Besarnya utang menunjukan salahnya negara dalam mengelola aset negara, apalagi jika dikaitkan dengan kekayaan alam yang melimpah ruah di Indonesia. Hal ini menunjukan sistem negara yang salah termasuk dalam pengelolaan sumber daya alamnya. Utang menjadi solusi dari sistem kapitalis sekuler.
Utang dijadikan sebagai cara gampang untuk mendapatkan dana segar guna menutupi defisit anggaran negara. Sayangnya, rakyat yang akan ditumbalkan. Sebab, beberapa subsidi untuk rakyat akan dicabut dan akan ada kenaikan pajak guna melunasi utang negara. Inilah kerusakan dalam sistem kapitalis, pajak menjadi sumber pendapatan tetap bagi negara.

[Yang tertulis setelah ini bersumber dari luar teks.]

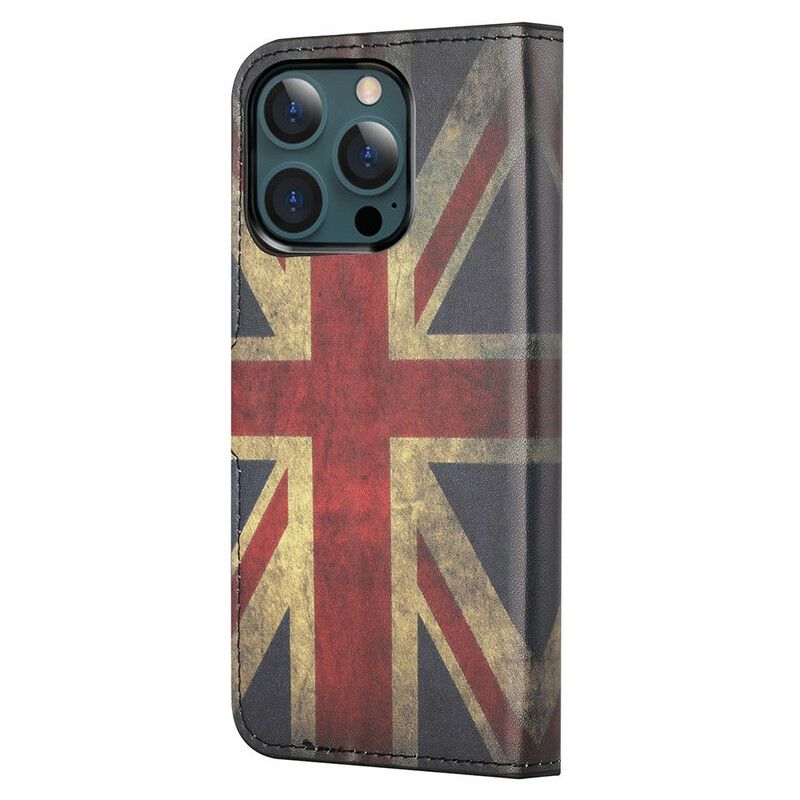 Flip Cover Til iPhone 13 Pro Max Englands Flag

Berbeda jauh dengan sistem Islam. Dalam Islam kemaslahatan dan kesejahteraan untuk rakyat menjadi prioritas utama bagi negara Islam. Seluruh kebutuhan rakyat akan dipenuhi oleh negara. Dari sandang, pangan, papan, pendidikan, kesehatan dan lainnya.
Dalam pandangan Islam, pada zaman Nabi sampai zaman Dinasti kekayaan negara berada di Baitul Mal sebagai kas negara. Di mana Baitul Mal merupakan institusi khusus harta yang diterima negara dan mengalokasikannya bagi kaum muslimin yang berhak menerimanya. Konsep anggaran pada periode awal Islam adalah sistim berimbang atau surplus. Karena kebutuhan negara masih sederhana, maka pendapatan negara dari zakat dan infaq sudah memenuhi kebutuhan.

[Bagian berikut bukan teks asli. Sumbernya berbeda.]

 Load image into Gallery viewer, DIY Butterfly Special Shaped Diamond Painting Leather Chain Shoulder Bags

Sedangkan pada sistem anggaran modern adalah anggaran yang berorientasi pada pertumbuhan, yang konsekuensinya negara-negara Islam harus menganut prinsip anggaran defisit. Untuk memenuhi defisit tersebut ditempuh tiga jalan, Pertama, dilakukan dengan pinjaman secara Islami, Kedua, penguasaan sebagian milik umum. Ketiga dengan menerapkan pajak kepada warga negara.
Sementara dalam negara yang menganut sistem Islam. Pemerintah atau negara Islam/Muslim diperkenankan berutang, jika memenuhi tiga syarat: Pertama, harta yang diambil dari para koruptor sudah dikembalikan sepenuhnya. Kedua, Keadaan keuangan negara mengalami defisit. Ketiga, utang negara dialokasikan sepenuhnya untuk kebutuhan primer bukan kebutuhan sekunder.

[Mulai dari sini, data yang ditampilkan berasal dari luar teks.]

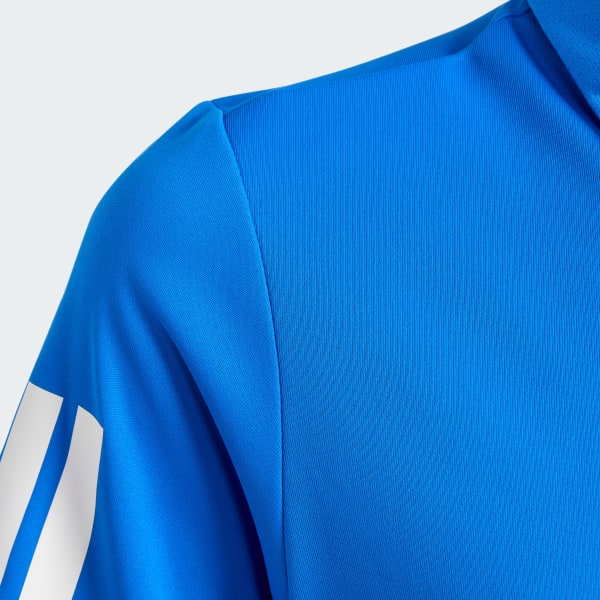 Blue Club Tennis 3-Stripes Polo Shirt Kids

Warga negara tidak berkewajiban melakukan iuaran untuk melunasi utang negara/pemerintah, yang wajib mengembalikan adalah pejabat atau pemerintah pada saat itu atau pemerintah selanjutnya, ketika utang tersebut prosedural serta keadaan kas negara memungkinkan. Namun jika tidak prosedural, maka yang wajib mengembalikan utang tersebut adalah individu pejabat yang melakukan utang tersebut.
Sistem Islam tidak memberatkan rakyat dalam melunasi utang negara. Dalam negara Islam, pemasukan Anggaran Pendapatan dan Belanja Negara (APBN) didapatkan dari sumber daya alam, serta kepemilikan umum dan kepemilikan negara. Semua dikelola oleh negara dan akan dikembalikan untuk rakyat.
Hanya dalam sistem Islamlah Indonesia bisa menjadi negara besar yang mampu mengelola SDA secara mandiri dan hasilnya digunakan untuk membangun negeri dan mensejahterakan rakyatnya. Sudah saatnya kita kembali kepada sistem Islam yang mengatur segala problematika kehidupan dengan berpegang teguh kepada Al Qur’an dan As Sunnah.